In China Uighurs Face Ban on Fasting, Mass Arrest
China has imprisoned around two dozen Uighur Muslim leaders , including “ wild imams” who allegedly preach illegally in the Muslim majority region of Xinjiang for “ illegal religious activities”.
The 22 suspects were sentenced to prison terms ranging from five to 16 years at a mass public sentencing in Xinjiang on Monday, the state-controlled China News Service reported. Along with mosque imams, other Muslim leaders who engaged in religious activities after being sacked were sentenced to prison.
It added that others were accused of inciting ethnic hatred, using superstition to destroy the law, and picking quarrels and provoking trouble. Though the Chinese media article did not indicate the ethnicity of the defendants, a vast majority of previous terrorism convictions have involved Uighurs, the largely Muslim and Turkic-speaking people who are more than 90 percent of the city’s population.

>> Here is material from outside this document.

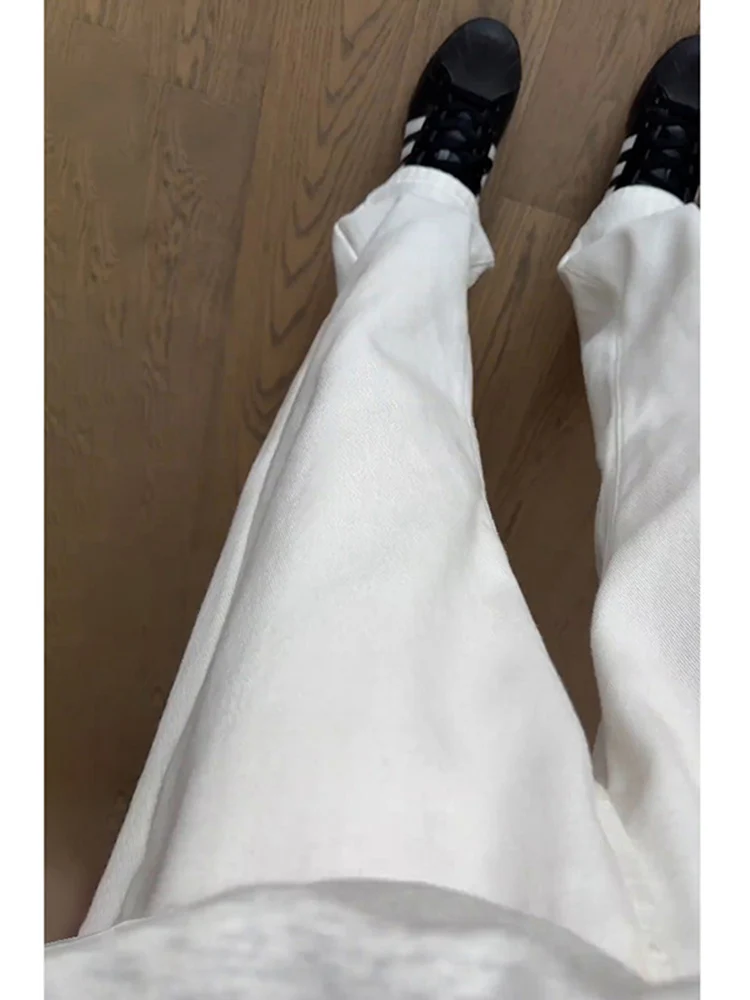 

Pure White Drapey Jeans Men's Spring Autumn American Sle Cleanfit Pants Straight Loose Narrow Version Wide Leg Jeans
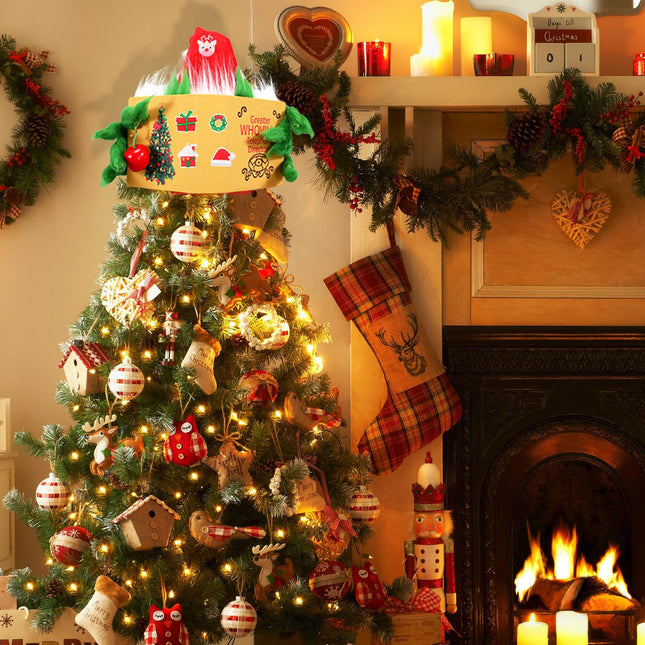 Christmas Tree Topper - 13.77 Inch Elf Christmas Decoration Behind Book with Magic Stickers, for Holiday Indoor Wreath Front Door Party Supplies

In recent years, mass public sentencing has become common in Xinjinang. The state television often shows them taking place in packed outdoor auditoriums. Human rights groups have said that during mass trials and sentencing the accused have been denied the right to defend them. Recently, a court has jailed for life the country’s most prominent advocate for Uighur rights in a case that provoked an outcry among the rights groups. Muslims accuse the government of settling millions of ethnic Han in their territory with the ultimate goal of obliterating its identity and culture.